I have nothing against right-wing authors or their works of fiction and non-fiction, I just don't choose to read the stuff. However, it's not made clear on Amazon's site the true POV of this book. Had I known this book was nothing but a new and clever twist on liberal bashing, I'd have NEVER have purchased it. I wanted gossip-and all I got was a lecture.

Rating: 1 stars
Summary: Two men making a quick dollar at the expense of others!
Review: Andrew Breitbart and Mark Ebner's come across with this book in one message: "Get rich quick!" If the idea of providing the reading public with a book about the almost satanic ways of celebrities was their goal, they failed miserably. Most of the information is not new and when you come across some previously unknown information, it is presented in such an impartial matter that you can't help but to think that they were forcing a slam on someone for their own benefits.

I really believe that Breitbart and Ebner would have been more productive hawking nuclear power to the Sierra Club than attempting to educate the reading public about the secret lives of famous celebrities. If they wanted to spill the dirt on them, they needed to find new material and present it totally impartially. Their desperate attempt to let us in on these secrets comes across as a desperate attempt for them to make names for themselves. They provide us with such earth-stopping news like Nick Nolte and Robert Downey Jr. having drug problems. Now there is news that we never would have known if it hadn't been for this book.

Even if half of the stuff here were true, they have made it unbelievable with their delivery and the chip that they carry on their shoulder through the entire book.
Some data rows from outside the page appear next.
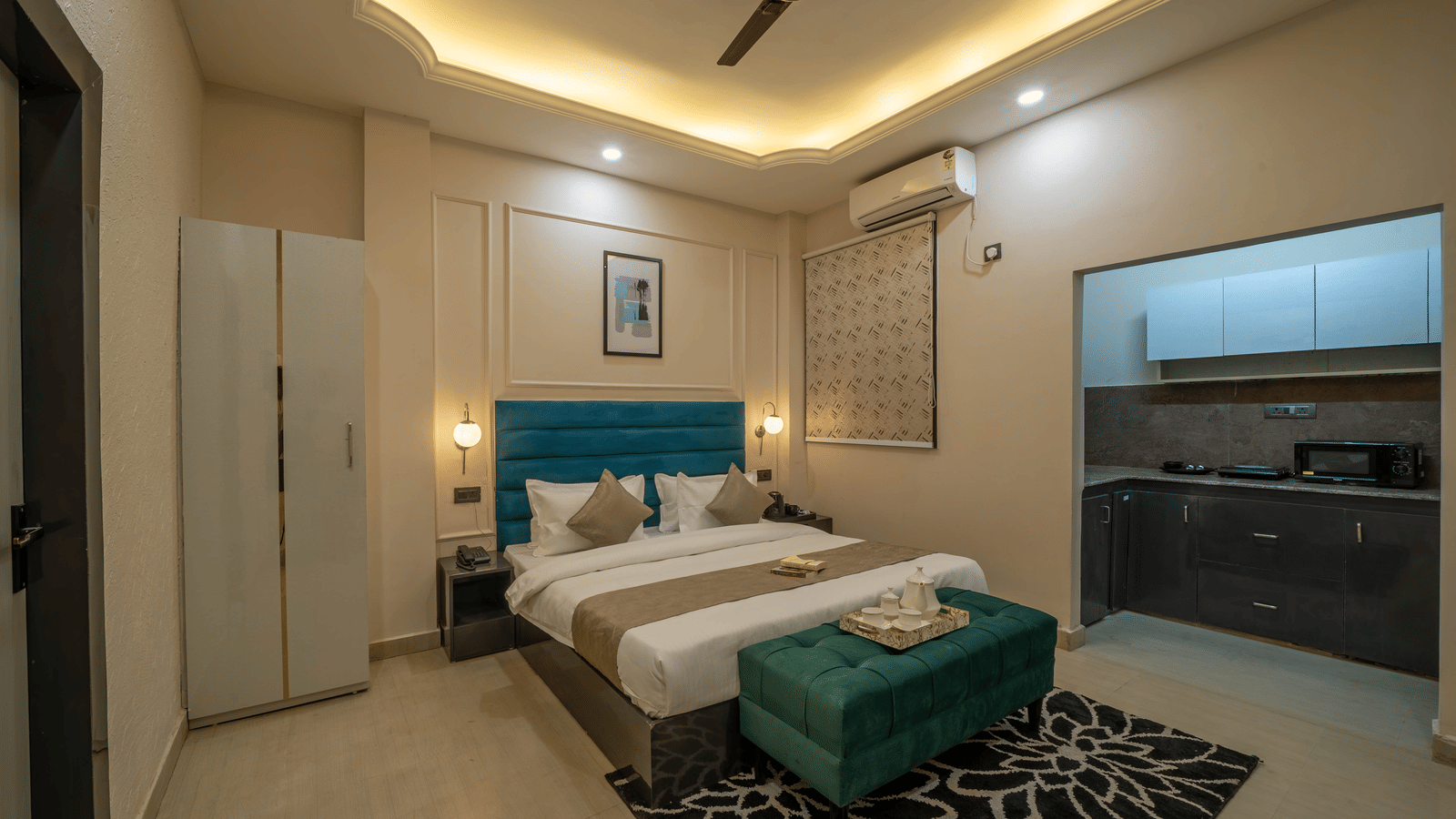 A room showing the sleeping area next to an open kitchenette with an overhead cabinetry - Perfectstayz Value Aalaya Suites, Haridwar
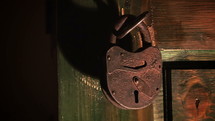 Old wooden door with chain key lock.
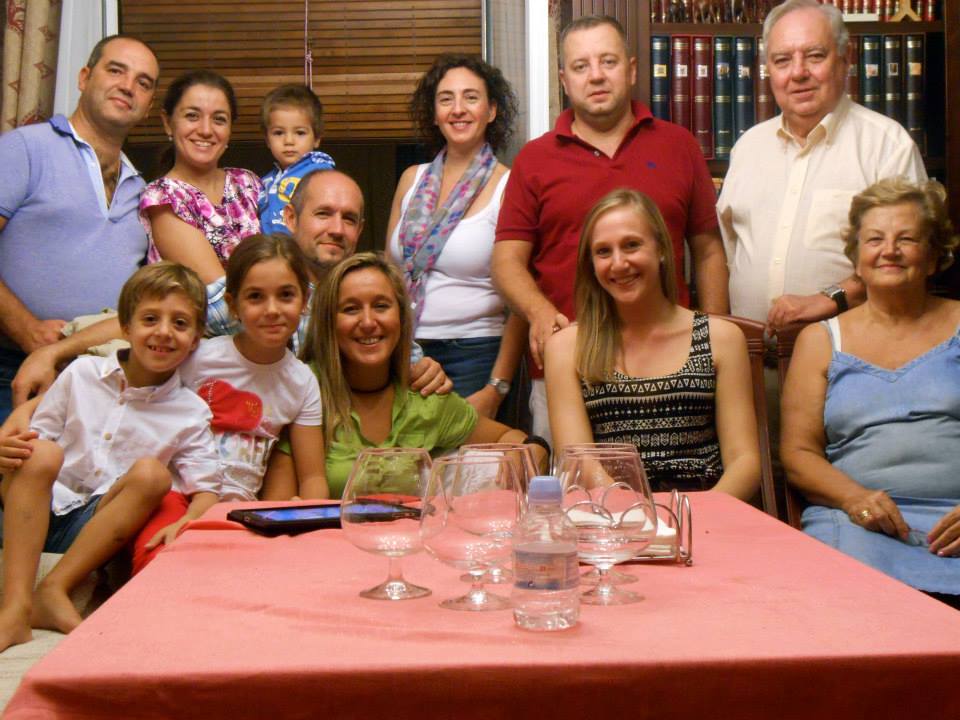 Posing with my host parents and their family after a typical, Saturday night dinner. 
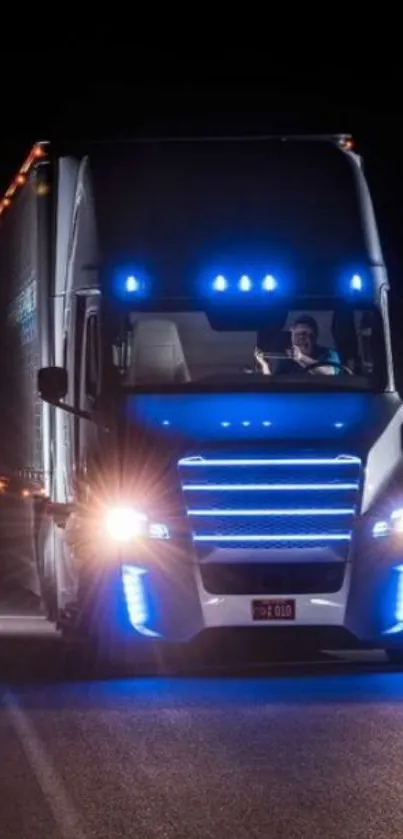 Modern truck with blue lights on dark road at night.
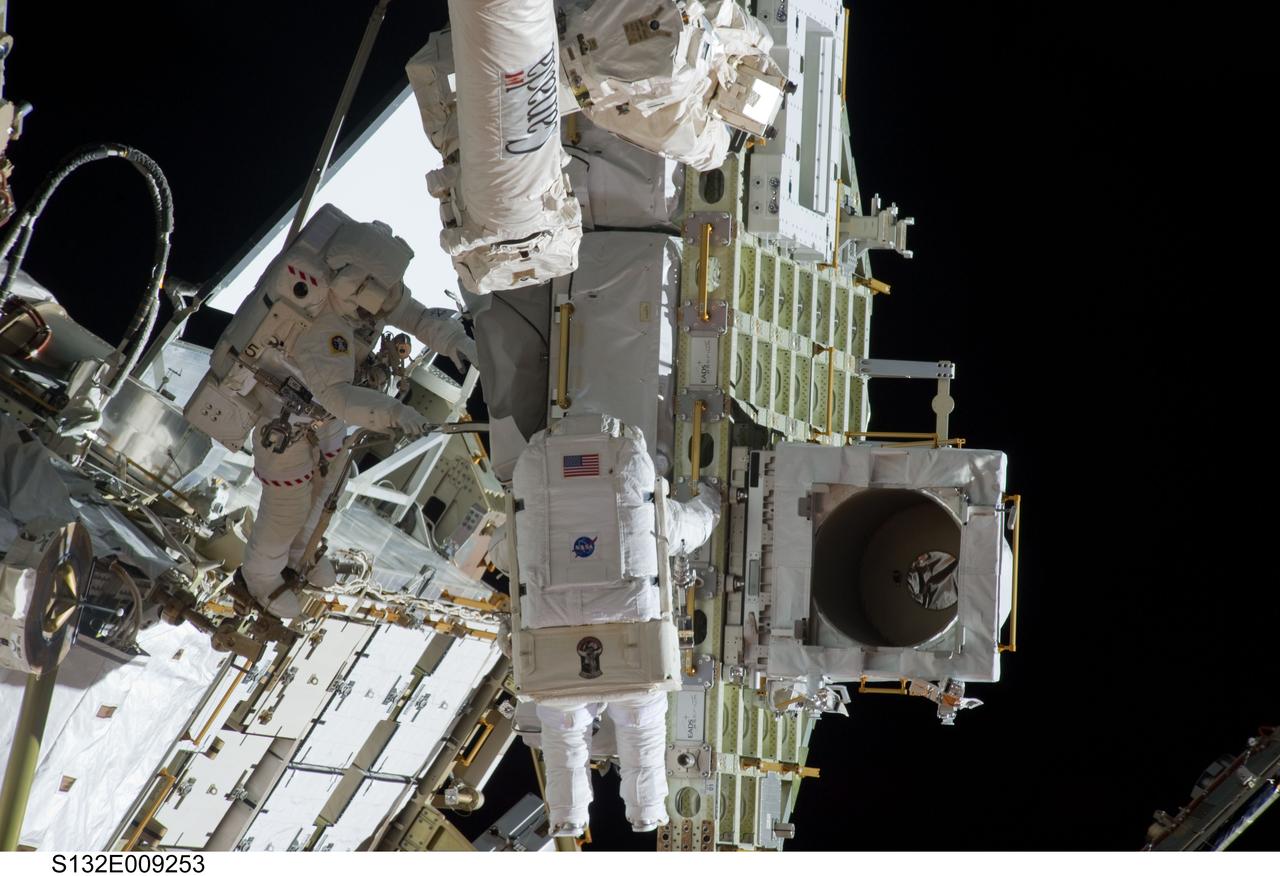 S132-E-009253 (21 May 2010) --- NASA astronauts Michael Good (left) and Garrett Reisman, both STS-132 mission specialists, participate in the mission’s third and final session of extravehicular activity (EVA) as construction and maintenance continue on the International Space Station. During the six-hour, 46-minute spacewalk, Good and Reisman completed the installation of the final two of the six new batteries for the B side of the port 6 solar array. In addition, the astronauts installed a backup ammonia jumper cable between the port 4 and 5 trusses of the station, transferred a Power and Data Grapple Fixture from the shuttle to the station, and reconfigured some tools.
The best example of this is when they describe gay porn director Paul Barresi's attempt to blackmail Michael Jackson "a code of ethics emphasizing loyalty and respect". Likewise, Mr. Breitbart and Mr. Ebner should be noted for displaying their "code of ethics emphasizing loyalty and respect" from their Hollywood connections and providing it to the reader.

Rating: 1 stars
Summary: Scatty, Sneering, and a Snore
Review: The tone of this book is boring, because it is one long sneer. I haven't even heard of some of the "stars" in this book. As for the others, we've all read the Jolie stories and others.

The authors reference stories that have been posted on the web and even quote a story previously published in People. The research is dismal.

That would have been bad enough, but the writing isn't engaging. There is no depth to any of the stories, probably because there was no real research. As a result, the vignettes are dull. They cover old territory and add no life to the topic. This is particularly dull when they relay a tale about a "star" you've never heard of. They hop around from story to story, but just relaying facts with no extra flesh on the bones.

Thank goodness I didn't buy the book. I read it at Borders. I noticed people picking it up from the table, perusing it, and putting it down. I recommend you do the same.